O horror da destruição! A algema da matéria
É tão dura e pesada, é tão sólida e forte
Que eu não posso chamar a sangue frio a Morte!
Floriano Barreto já trazia decerto latente, mesmo “no viço dos seus vinte anos”, aquele germe mortal que, daí a oito e poucos anos, o postraria no túmulo, na cidade do Porto, aonde o levaram ânsias novas e novas esperanças. Os seus amigos, que os deixara dos melhores em Goa, coligiram piedosamente um “Livro Póstumo”, com o apoio do “Heraldo”, de que fora colaborador, de Menezes Bragança, António de Noronha, Fernando Leal, Roque Correia Afonso e outros, algums poemetos selectas das “Falenas”, uns poucos de inéditos e as suas interessantes prosas dispersas pela imprensa goesa.
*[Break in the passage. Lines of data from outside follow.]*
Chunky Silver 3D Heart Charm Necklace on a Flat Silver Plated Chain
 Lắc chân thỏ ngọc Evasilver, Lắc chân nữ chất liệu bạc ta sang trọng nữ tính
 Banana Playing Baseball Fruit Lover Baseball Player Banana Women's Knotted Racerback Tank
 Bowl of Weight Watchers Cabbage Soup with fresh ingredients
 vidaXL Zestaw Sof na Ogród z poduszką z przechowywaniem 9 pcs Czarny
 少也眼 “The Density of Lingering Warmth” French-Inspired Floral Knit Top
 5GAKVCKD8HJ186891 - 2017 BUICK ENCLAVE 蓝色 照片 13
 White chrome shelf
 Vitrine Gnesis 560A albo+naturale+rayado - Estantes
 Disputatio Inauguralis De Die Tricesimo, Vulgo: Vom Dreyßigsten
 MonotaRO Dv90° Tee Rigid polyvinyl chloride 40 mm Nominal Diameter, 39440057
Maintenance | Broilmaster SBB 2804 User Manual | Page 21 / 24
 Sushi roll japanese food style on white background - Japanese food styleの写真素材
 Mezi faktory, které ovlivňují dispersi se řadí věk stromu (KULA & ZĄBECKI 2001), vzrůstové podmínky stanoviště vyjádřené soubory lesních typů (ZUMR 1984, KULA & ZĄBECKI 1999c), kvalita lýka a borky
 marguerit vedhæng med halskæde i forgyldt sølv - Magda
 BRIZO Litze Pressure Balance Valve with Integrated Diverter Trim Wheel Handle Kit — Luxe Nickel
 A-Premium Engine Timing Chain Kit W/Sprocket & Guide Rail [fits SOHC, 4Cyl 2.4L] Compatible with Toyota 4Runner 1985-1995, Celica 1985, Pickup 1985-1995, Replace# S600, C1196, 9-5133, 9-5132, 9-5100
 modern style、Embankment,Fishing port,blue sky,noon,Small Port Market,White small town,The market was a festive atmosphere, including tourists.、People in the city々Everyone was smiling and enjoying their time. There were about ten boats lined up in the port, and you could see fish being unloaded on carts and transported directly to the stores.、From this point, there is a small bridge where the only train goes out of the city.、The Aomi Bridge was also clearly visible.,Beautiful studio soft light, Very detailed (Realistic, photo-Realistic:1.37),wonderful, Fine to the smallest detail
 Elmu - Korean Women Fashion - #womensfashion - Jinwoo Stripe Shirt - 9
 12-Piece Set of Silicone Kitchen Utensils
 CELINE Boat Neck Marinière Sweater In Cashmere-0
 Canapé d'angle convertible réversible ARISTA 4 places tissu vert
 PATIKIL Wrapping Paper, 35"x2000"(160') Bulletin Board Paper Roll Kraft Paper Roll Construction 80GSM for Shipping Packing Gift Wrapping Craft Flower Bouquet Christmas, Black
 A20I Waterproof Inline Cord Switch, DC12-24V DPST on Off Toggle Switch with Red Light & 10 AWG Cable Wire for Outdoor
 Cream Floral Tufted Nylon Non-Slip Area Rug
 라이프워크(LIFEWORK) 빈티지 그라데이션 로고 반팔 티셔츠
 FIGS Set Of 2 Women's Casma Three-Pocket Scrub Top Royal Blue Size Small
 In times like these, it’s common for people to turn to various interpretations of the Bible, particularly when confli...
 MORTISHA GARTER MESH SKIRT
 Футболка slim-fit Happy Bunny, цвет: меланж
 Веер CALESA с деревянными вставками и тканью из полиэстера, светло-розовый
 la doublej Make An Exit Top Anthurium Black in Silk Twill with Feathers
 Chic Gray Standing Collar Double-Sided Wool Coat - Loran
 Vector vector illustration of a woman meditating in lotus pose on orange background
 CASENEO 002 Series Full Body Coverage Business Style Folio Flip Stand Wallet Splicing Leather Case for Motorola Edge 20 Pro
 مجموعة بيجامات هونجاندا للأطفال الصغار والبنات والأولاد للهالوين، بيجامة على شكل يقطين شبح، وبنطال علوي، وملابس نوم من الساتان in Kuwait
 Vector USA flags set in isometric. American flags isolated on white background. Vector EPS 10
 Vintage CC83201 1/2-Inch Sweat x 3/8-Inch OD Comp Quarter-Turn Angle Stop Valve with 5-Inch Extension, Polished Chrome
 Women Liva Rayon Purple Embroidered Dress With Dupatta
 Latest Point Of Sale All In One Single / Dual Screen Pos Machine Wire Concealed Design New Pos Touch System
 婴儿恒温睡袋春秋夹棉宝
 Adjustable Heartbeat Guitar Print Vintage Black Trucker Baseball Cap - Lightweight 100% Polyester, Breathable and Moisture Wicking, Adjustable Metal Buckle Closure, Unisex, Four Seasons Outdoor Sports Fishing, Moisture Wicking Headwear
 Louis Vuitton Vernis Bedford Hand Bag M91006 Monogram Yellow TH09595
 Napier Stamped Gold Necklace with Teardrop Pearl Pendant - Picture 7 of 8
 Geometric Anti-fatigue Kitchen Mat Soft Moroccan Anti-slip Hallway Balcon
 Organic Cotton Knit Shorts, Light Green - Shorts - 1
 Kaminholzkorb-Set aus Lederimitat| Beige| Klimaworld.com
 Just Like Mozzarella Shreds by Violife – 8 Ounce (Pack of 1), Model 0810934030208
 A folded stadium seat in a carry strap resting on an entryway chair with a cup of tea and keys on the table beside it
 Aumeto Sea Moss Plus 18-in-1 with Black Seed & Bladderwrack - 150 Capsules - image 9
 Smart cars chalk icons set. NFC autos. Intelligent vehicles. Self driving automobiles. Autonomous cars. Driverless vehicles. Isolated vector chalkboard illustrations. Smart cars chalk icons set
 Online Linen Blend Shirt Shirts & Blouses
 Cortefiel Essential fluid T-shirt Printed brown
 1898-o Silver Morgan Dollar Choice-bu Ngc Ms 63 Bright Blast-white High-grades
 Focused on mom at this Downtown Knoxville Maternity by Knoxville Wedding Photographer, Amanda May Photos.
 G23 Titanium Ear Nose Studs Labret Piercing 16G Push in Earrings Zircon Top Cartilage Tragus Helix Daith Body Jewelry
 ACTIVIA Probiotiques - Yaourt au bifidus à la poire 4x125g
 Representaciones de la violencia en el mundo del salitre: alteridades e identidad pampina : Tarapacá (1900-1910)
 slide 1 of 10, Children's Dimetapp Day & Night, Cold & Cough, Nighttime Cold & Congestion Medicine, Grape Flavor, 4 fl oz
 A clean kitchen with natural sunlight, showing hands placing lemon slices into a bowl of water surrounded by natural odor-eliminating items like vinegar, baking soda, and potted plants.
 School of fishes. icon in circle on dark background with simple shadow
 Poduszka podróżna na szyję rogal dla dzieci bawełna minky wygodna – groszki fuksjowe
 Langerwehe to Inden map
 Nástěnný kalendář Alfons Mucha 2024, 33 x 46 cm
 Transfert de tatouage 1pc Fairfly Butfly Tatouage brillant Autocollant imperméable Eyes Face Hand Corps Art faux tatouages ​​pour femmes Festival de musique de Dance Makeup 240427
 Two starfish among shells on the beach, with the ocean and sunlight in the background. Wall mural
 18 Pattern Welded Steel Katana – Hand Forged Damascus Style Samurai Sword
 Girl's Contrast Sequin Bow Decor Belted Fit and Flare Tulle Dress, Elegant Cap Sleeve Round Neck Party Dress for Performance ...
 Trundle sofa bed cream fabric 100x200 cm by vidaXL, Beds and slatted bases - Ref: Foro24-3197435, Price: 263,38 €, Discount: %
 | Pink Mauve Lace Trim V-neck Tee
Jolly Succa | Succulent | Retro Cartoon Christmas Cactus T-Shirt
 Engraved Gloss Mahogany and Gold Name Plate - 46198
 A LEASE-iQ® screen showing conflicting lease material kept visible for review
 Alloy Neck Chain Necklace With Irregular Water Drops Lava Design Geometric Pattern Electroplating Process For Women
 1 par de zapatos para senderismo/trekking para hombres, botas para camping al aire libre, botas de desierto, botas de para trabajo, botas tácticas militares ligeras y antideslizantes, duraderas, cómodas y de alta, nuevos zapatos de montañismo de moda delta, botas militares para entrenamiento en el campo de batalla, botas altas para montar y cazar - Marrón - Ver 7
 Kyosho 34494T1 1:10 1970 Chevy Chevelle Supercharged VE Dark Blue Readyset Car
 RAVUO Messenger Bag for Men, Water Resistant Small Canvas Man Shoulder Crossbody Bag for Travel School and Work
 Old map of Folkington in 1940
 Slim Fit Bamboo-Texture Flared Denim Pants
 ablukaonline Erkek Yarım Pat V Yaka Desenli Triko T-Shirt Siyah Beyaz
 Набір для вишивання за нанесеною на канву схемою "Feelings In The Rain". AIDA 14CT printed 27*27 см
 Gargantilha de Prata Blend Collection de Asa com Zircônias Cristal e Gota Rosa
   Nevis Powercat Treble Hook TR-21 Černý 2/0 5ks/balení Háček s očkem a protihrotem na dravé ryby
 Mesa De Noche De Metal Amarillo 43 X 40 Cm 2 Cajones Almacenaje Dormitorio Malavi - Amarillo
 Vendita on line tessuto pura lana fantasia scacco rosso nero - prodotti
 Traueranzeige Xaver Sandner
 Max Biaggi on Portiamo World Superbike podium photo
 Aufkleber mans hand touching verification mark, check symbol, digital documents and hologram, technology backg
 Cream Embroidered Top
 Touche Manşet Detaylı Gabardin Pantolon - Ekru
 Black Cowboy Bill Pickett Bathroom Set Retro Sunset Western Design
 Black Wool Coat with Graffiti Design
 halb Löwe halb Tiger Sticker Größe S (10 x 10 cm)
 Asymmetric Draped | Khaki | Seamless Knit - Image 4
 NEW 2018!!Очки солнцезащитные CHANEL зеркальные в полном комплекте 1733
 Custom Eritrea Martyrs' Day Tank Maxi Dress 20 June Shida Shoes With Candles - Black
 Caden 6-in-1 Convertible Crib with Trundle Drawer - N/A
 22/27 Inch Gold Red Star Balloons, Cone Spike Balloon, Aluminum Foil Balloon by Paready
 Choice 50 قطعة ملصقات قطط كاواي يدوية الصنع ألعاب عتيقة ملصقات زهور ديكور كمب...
Nestas, Floriano Barreto esboça ricos e coloridos quadros ou risonhas e flagrantes caricaturas, à volta de certos temas e aspectos regionais, com notações criticas por vezes aceradas, tudo atravessado de um fundo e entranhado amor a este “abençoado ninho paterno”. Certos trechos dos “Campos”, das “Florestas”, dos “Montes”, e o seu curioso estudo critico do Mando, os serenos protestos contra o arremedo simiesco dos que nos vem de fora, o vivo e minucioso registo de tantos costumes sociais porventura “prestes a extinguir-se”, as suas largas pinceladas sobre a música, a pintura e a cerâmica locais, as suas discretas charges de reformador sócia, mesmo a sorridente e ingénua apologia do “Arroz e Caril” (tema que seria, mais tarde, retomado com particular brilho por Wolfango da Silva), tudo siso nos revela um escritor fino e por vezes profundo, pondo deliberadamente o seu talento ao serviço da sua terra que, como intelectual e como artista, devotada e filialmente amou.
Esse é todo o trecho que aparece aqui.